The Vikings pursued him in 2013 before signing Jennings when Wallace went with Miami, and Wallace said Saturday that his decision was based largely on the weather.
‘‘Palm trees versus trees with no leaves, you know?’’ Wallace said.
‘‘And that was then. This was now. I'm excited to be here.’’
He said this on a sunny afternoon with the temperature near 60 degrees in Minneapolis, the type of spring conditions that are often in short supply in Minnesota.
‘‘I kind of feel like everybody is trying to trick me and get me to think the weather is nice,’’ Wallace said. ‘‘One of my good friends, Jamarca Sanford, played here. So he told me about the weather. He told me the weather’s not the best, but the people are great.’’
The Vikings have one more season outdoors at their temporary home at the University of Minnesota before moving into their new fully covered stadium downtown.
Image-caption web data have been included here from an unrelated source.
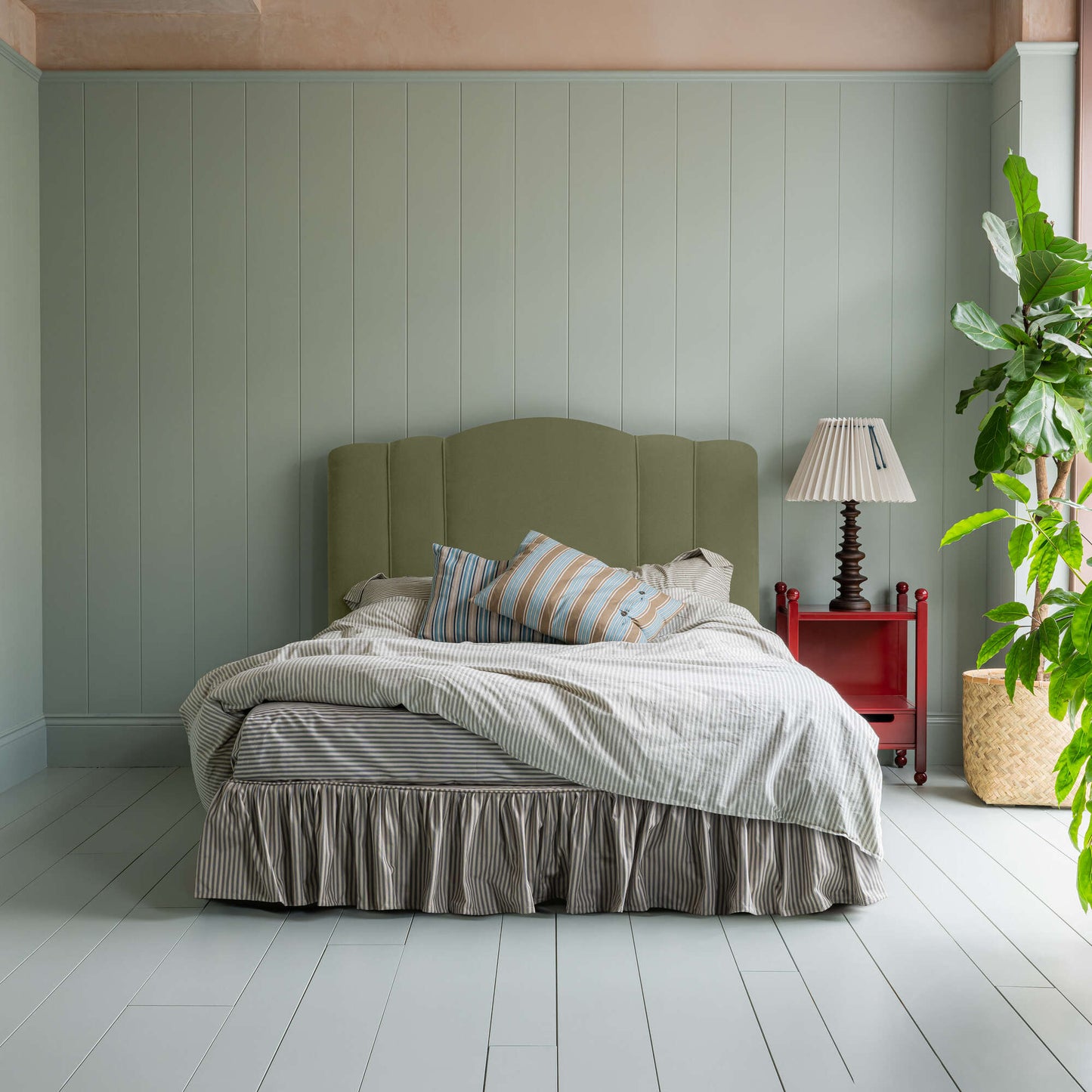 Bed in Intelligent Velvet Green Tea with Ticking Cotton Ruffled Valance, accompanied by a red side table and a lamp, pillows, and a blanket.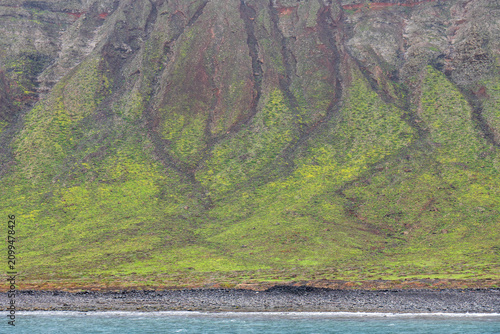 Lanzarote island in green in an unususaly rainy winter  province of Las Palmas Canary islands Spain Cliffs of northern Lanzarote from a boat sailing towards La Graciosa in the Chinijo Archipelago.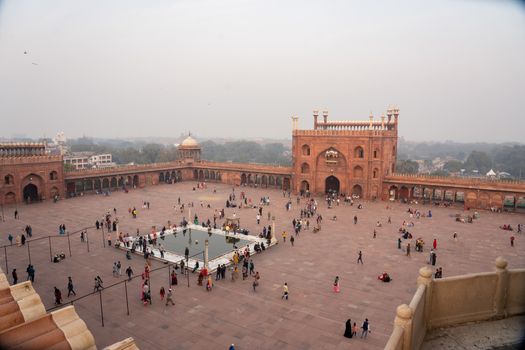 Delhi, India - December 04, 2019: Square with people and entrance gates infront of Jama Masjid.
‘‘Mike’s not going to be outside alone. So as long as I look at somebody else and they freezing their tail off, I think I'll be fine,’’ Wallace said.
Wallace was benched by Dolphins coach Joe Philbin in the second half of their final game last season after an argument between the receiver and the coaching staff. Wallace led the Dolphins with 10 touchdowns in 2014, but he rarely clicked with quarterback Ryan Tannehill on long passes and was unhappy he wasn’t targeted more.
Wallace used the words ‘‘fresh start’’ often in his interview on Saturday.
‘‘I wish things could've ended better, but that’s life,’’ Wallace said.
Jennings led the Vikings last season with 742 yards and six touchdowns. The $45 million, five-year contract he signed in 2013 came with nearly $18 million guaranteed, and a $6 million salary-cap hit in dead money for 2015 after his release. But the Vikings have the option to designate Jennings as a post-June 1 release, a tool teams can use to spread out the cap hits of a recently released player over multiple seasons. That would save the Vikings another $4 million under their cap for 2015, after June 1.
The Vikings also wrapped up a visit with defensive end Michael Johnson, who left town without a contract. He’s considering returning to the Bengals.
KC locks up Parker
Defensive back Ron Parker proved his versatility for the Chiefs last season. On Saturday, he was rewarded for it. The Chiefs and Parker agreed on a five-year, $30 million contract, a person familiar with the negotiations told the AP . . . Cornerback Perrish Cox agreed to a three-year contract, giving Tennessee a much-needed veteran in the secondary. Cox, 28, spent the past two seasons in his second stint with San Francisco, and is coming off his best year. The four-year veteran started 14 games and intercepted five passes while also having 53 tackles.
Material from the Associated Press was used in this report.